The Meaning of "Refundable" Is...

Not all tax credit "refundables" are created equal.

Yesterday's Wall Street Journal took after Barack Obama's tax plan as a handout, regardless of taxes paid, to lower-income taxpayers. They say in "Obama's 95% Illusion"...

"Here's the political catch. All but the clean car credit would be 'refundable,' which is Washington-speak for the fact that you can receive these checks even if you have no income-tax liability. In other words, they are an income transfer -- a federal check -- from taxpayers to nontaxpayers. Once upon a time we called this 'welfare' ..."

Well now, wouldn't it be a crying shame if it were "welfare" in view of the fact that investment banks, mortgage companies and banks have just been granted $1 trillion+ in corporate welfare, on top of the already obscene corporate tax breaks for everything imaginable including shipping jobs offshore.

However, this WSJ analysis is very misleading. Obama's plan isn't welfare. Here's why, as shown in one of Obama "refundable" plans taken from his official website:

"A $1,000 "Making Work Pay" Tax Credit. For 95 percent of workers and their families-150 million workers overall-the "Making Work Pay" credit will provide a refundable tax cut of $500 for workers or $1,000 for working couples. This credit will benefit over 15 million self employed workers and for 10 million low-income Americans, will completely eliminate their federal income taxes."

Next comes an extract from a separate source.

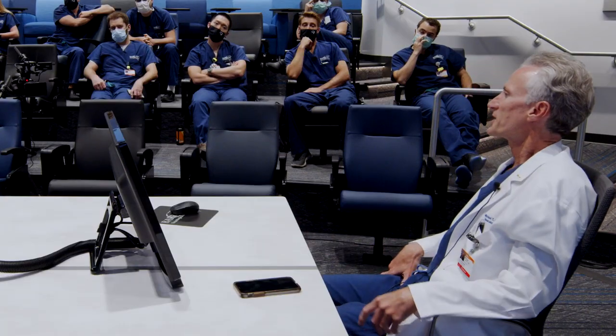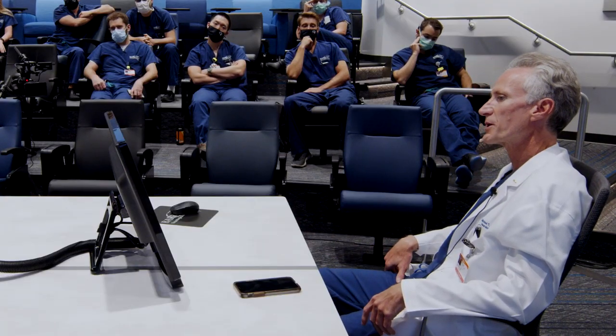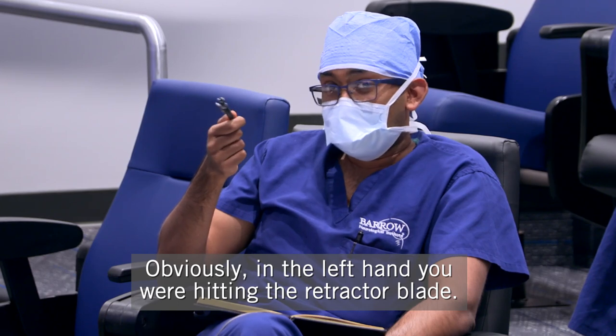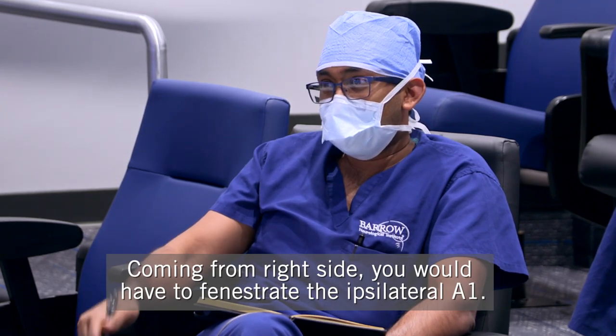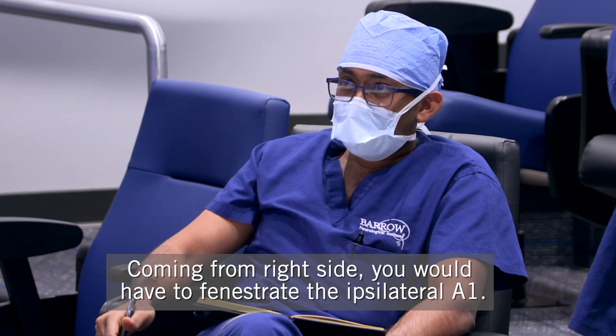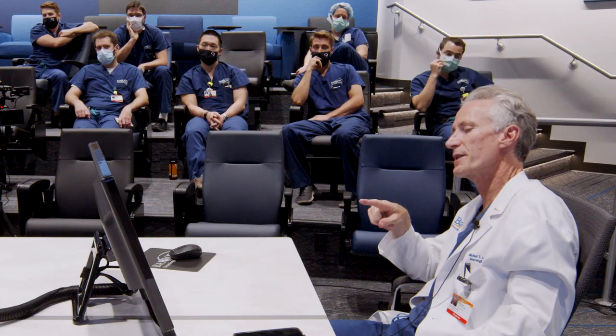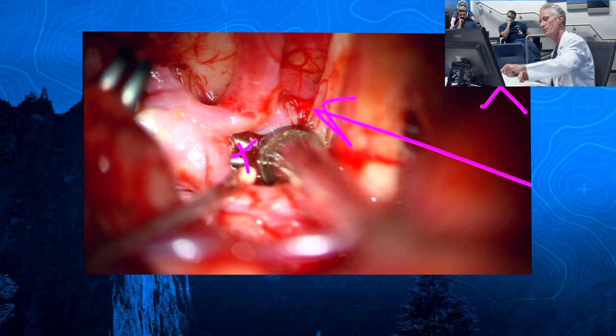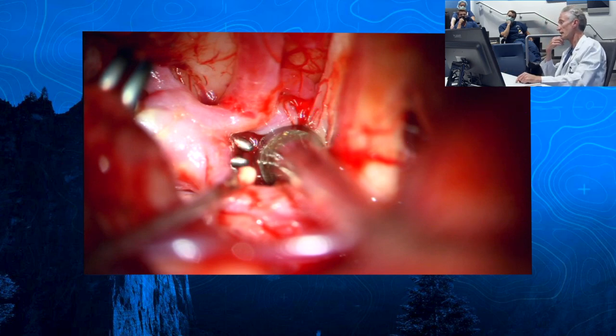If you've got more space under here, that means you can look up. It's the same concepts we talked about the other day — you just get a much better view. That clip application would have been very difficult if not doing it from the left hand. Obviously, from the left hand, you were getting the retractor blade coming from the right side, and then you'd have to fenestrate the lateral A1. Coming in this way worked well. That was the right clip — you can see the tips here. That's a beautiful view of just how that got all the way across the neck on the deep side.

As you can see, it doesn't say anything about giving taxpayers back more than they paid in taxes.... "will completely eliminate their federal income taxes".... it is meant to be a "tax cut" refundable directly against the amount of taxes to be paid.


Many times a "tax credit" is a formula that doesn't go directly to the bottom line but, for example, is applied to earned income subject to tax. What Obama means by "refundable" in this context is that it isn't a formula tax credit, but a credit to be applied directly to help "eliminate federal income taxes."

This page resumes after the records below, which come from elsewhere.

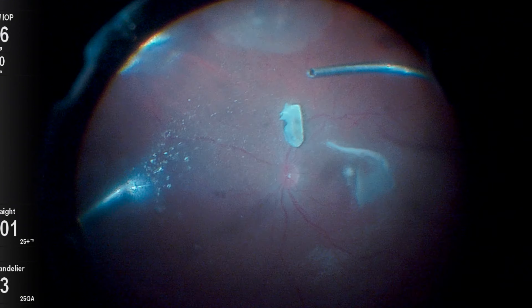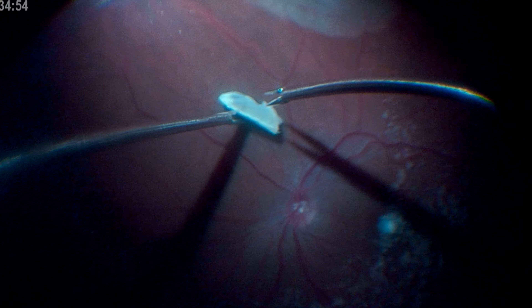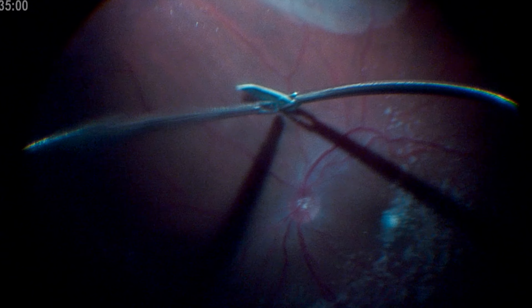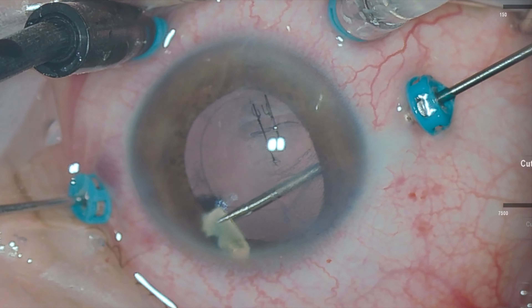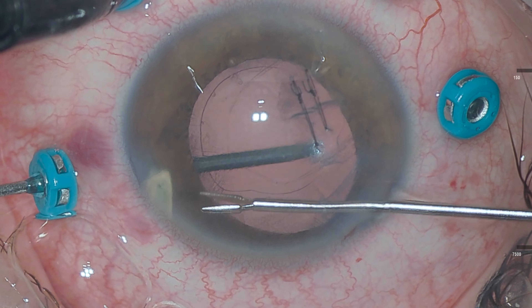As it is a beveled metallic foreign body, we use two retina forceps to handle it very carefully to avoid any iatrogenic injury to the retina. One forceps serves as support while the serrated forceps grasp the foreign body firmly. Subsequently, the intraocular foreign body is positioned over the iris and extracted from the eye through the main corneal incision.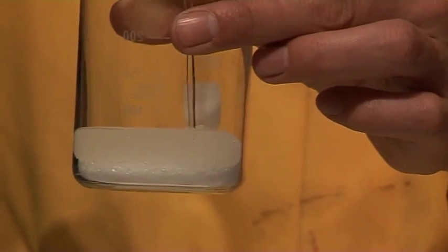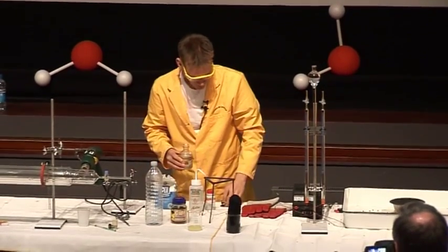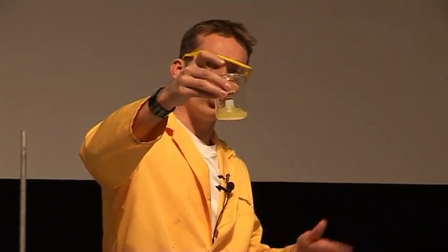This is a bit of a slow reaction, this is one that we need to keep an eye on during the course of the lecture. We can already see that the sugar has gone a sort of a yellowy colour — this is much the same way as when you're heating up some sugar, it caramelises.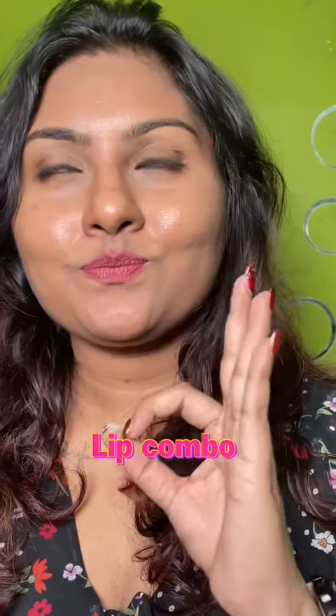This lip combo is just amazing. I'm using Pack lip liner in the shade Coffee, lining my lips and slightly filling it in. On top of this, I'm using Love Earth lipstick in the shade Irish Coffee. Look at that — such a pretty shade for darker skin tones.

Now, let's take an example of John McCain's "refundable" tax credit from his official website....

"John McCain Will Reform The Tax Code To Offer More Choices Beyond Employer-Based Health Insurance Coverage. While still having the option of employer-based coverage, every family will receive a direct refundable tax credit - effectively cash - of $2,500 for individuals and $5,000 for families to offset the cost of insurance. Families will be able to choose the insurance provider that suits them best and the money would be sent directly to the insurance provider. Those obtaining innovative insurance that costs less than the credit can deposit the remainder in expanded Health Savings Accounts."

McCain's tax credit is "refundable" yet goes directly to the insurer. As the wording says.... "effectively cash".... or cash out in the ether somewhere, with the credit going directly to insurance coffers.

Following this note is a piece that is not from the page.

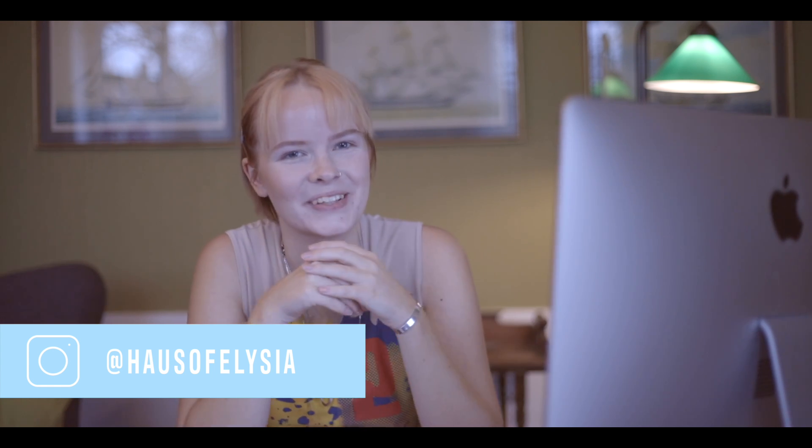Last week I posted this photo to Instagram and you liked it a lot, and someone asked me if I could do an editing tutorial on how I created it. So that's exactly what we're going to do. It's actually a photo I created during a photo challenge I did a couple of weeks ago.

And, image finding "innovative" insurance for a family that costs less than $5000 a year. Even if you could, the difference still isn't given to the insured, but is deposited in accounts. McCain's "direct refundable tax credit" never directly touches taxpayers hands.

On top of the never-to-be-directly-seen McCain tax credit boondoggle for insurance companies, McCain's proposal calls for employer insurance benefits to be taxed as income.

So, it's McCain who has the "Washington-speak" direct refundable tax credit, and Obama who is offering the actual tax cut... as a credit against taxes due.

It all depends on what the meaning of "refundable" is.

November 4.

1 comment:

Anonymous said...

Hi, although I do not completely agree with you on the meaning of "refundable", I have to commend you on a very interesting analysis with solid data. Thanks.